EXERCISE MATERIAL -
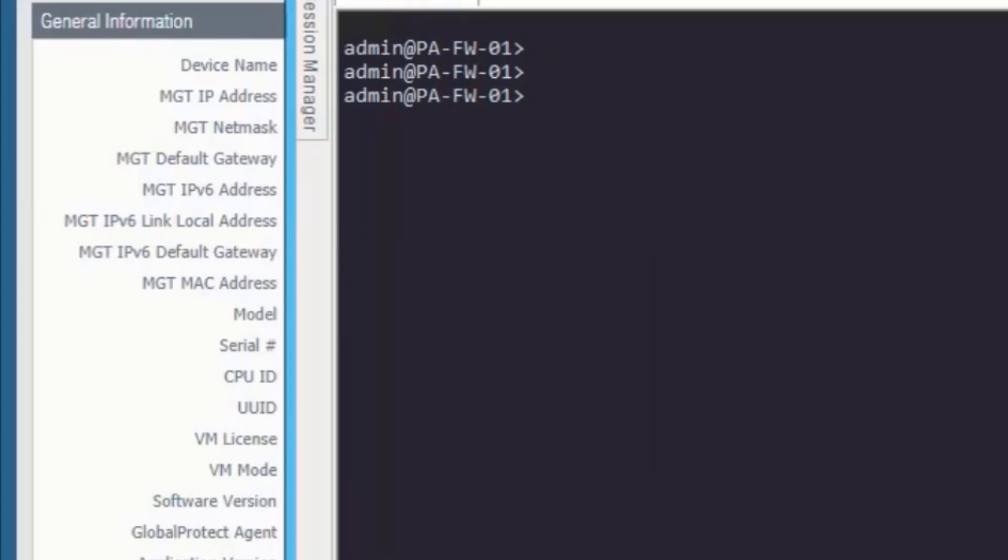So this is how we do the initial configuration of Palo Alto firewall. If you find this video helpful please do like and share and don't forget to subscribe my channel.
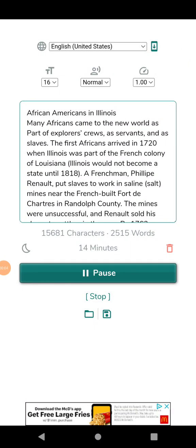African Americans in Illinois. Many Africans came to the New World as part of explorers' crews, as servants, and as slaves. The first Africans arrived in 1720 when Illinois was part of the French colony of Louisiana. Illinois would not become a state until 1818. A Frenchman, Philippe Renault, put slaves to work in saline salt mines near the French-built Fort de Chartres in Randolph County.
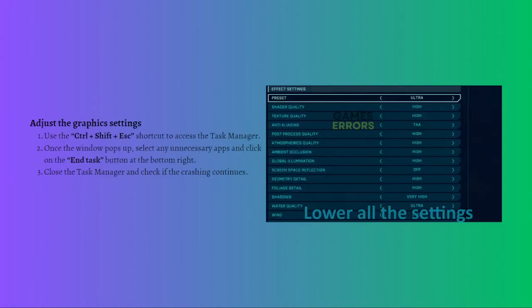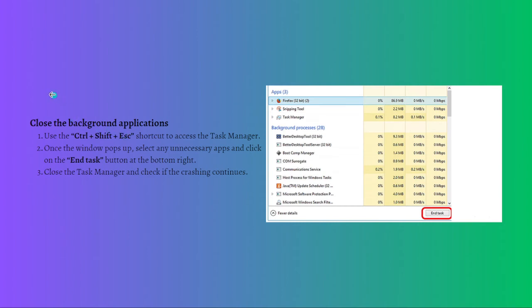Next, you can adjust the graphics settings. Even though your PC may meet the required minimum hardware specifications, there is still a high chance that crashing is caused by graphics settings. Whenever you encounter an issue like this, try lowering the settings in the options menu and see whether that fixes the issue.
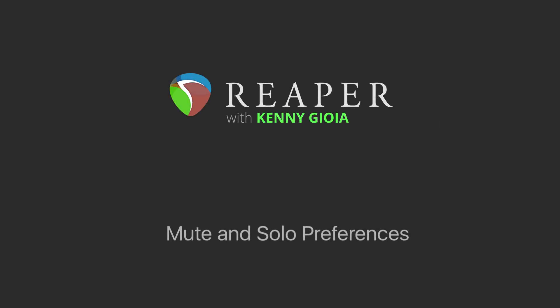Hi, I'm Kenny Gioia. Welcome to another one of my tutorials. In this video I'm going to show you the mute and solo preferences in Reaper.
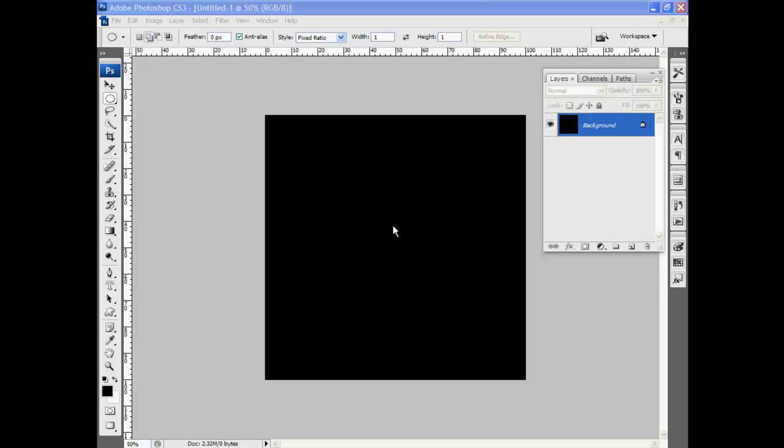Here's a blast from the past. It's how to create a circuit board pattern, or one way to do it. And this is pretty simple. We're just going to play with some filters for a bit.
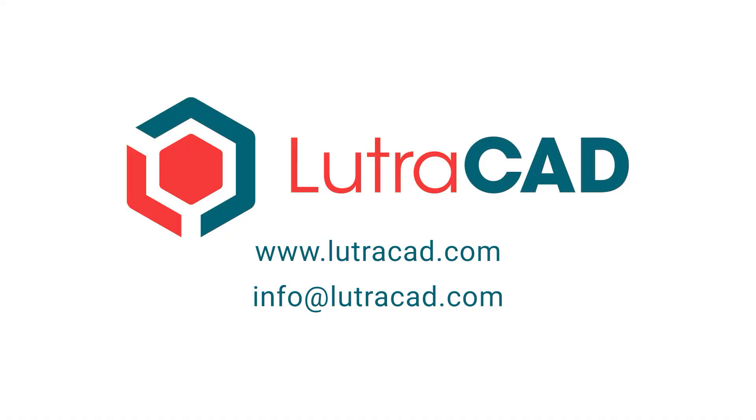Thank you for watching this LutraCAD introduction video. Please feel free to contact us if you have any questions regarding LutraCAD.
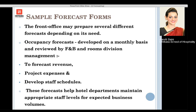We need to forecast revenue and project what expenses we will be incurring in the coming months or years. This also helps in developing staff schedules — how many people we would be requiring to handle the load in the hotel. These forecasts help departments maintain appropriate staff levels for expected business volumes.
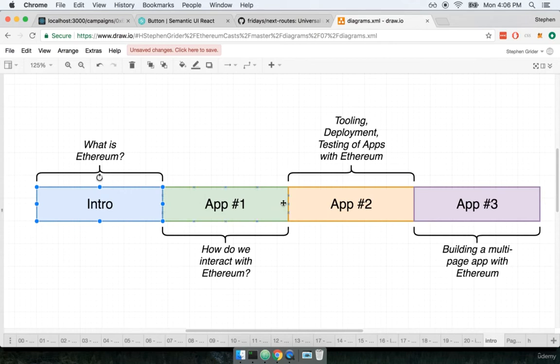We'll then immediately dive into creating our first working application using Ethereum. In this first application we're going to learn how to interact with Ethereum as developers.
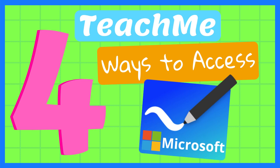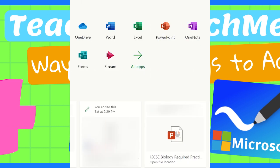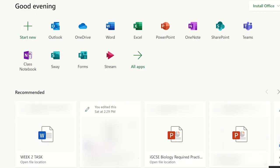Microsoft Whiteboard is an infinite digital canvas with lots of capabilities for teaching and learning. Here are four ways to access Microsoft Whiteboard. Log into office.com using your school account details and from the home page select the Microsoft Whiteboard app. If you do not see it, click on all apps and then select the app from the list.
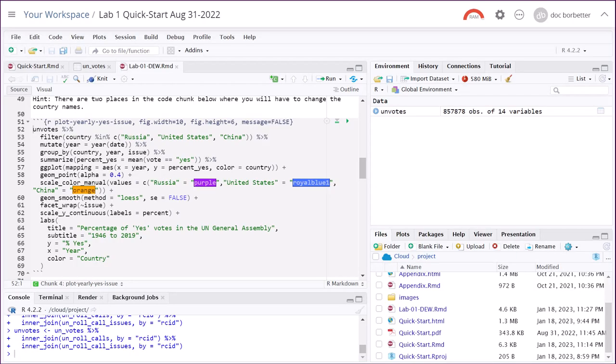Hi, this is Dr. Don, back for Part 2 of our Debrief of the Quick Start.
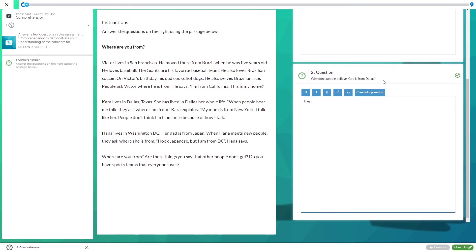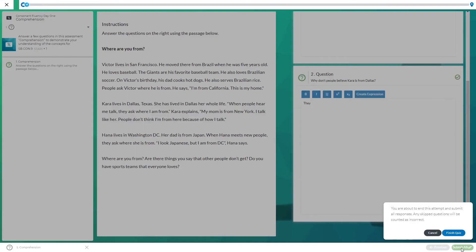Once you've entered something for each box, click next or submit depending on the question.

==

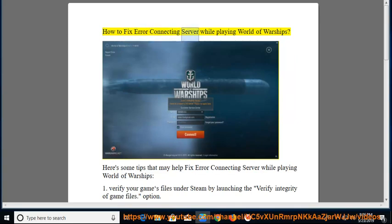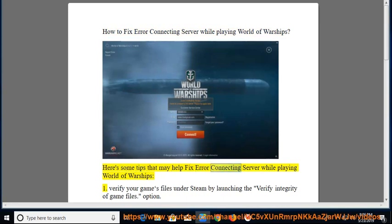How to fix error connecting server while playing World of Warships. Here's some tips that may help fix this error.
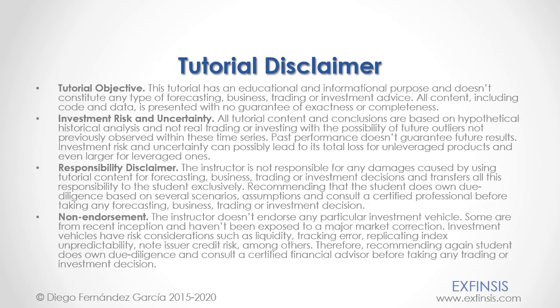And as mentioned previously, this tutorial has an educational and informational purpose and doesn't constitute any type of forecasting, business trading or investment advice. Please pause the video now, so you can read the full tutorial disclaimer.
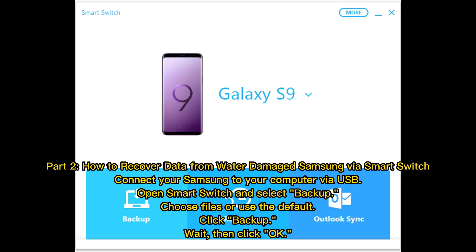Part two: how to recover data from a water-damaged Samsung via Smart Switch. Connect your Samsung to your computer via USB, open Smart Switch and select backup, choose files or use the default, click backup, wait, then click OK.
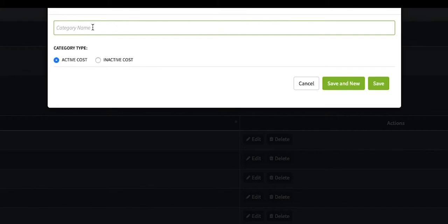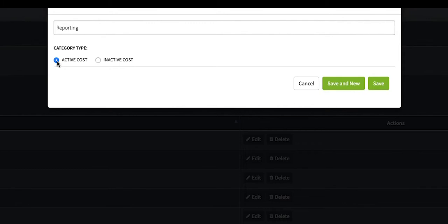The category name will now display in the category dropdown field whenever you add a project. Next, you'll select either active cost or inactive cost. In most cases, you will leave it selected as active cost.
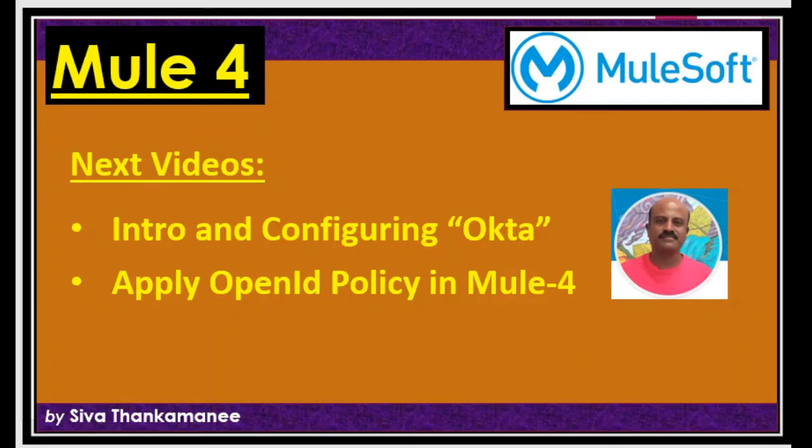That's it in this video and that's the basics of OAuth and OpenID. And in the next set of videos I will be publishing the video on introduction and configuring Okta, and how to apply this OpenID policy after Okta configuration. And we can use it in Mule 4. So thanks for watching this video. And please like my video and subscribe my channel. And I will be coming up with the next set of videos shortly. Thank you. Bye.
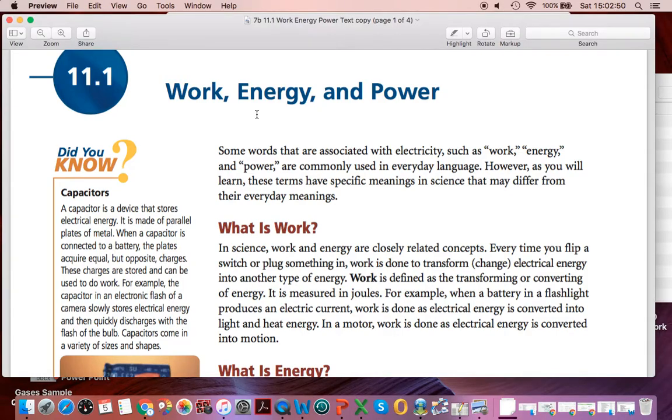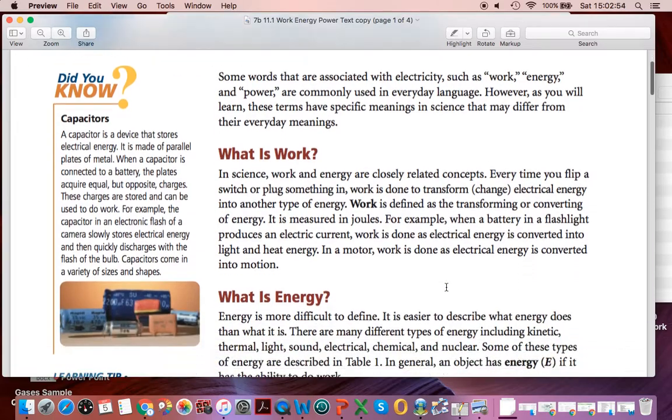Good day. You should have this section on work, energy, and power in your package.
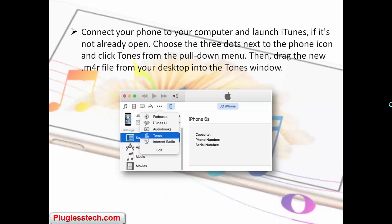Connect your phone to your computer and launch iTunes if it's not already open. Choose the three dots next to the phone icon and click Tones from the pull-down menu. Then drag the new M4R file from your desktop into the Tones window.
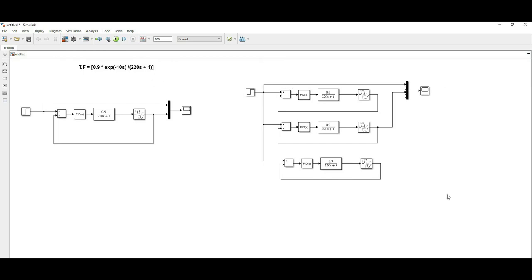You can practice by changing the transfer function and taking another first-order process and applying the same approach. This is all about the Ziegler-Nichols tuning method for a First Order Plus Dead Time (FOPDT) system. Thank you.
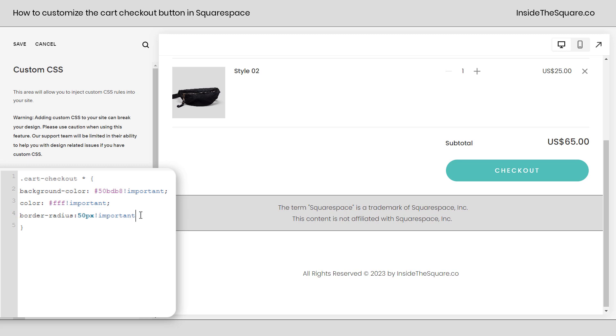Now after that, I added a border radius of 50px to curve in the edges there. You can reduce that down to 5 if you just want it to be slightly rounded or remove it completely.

...

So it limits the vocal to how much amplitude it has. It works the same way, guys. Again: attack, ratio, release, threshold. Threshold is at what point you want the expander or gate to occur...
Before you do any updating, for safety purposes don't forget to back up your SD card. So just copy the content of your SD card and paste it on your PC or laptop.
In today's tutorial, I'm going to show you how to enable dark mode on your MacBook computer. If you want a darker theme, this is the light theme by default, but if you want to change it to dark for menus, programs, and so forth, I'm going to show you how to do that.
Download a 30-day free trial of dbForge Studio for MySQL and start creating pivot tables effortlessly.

WHAT IS NEEDED - Leaving out each picture, repeat exactly the lines above from the one that contains "Connect your phone" through the one that contains "Now after that, I".

PROBLEM SOLUTION -
Connect your phone to your computer and launch iTunes if it's not already open. Choose the three dots next to the phone icon and click Tones from the pull-down menu. Then drag the new M4R file from your desktop into the Tones window.
You can practice by changing the transfer function and taking another first-order process and applying the same approach. This is all about the Ziegler-Nichols tuning method for a First Order Plus Dead Time (FOPDT) system. Thank you.
Now after that, I added a border radius of 50px to curve in the edges there. You can reduce that down to 5 if you just want it to be slightly rounded or remove it completely.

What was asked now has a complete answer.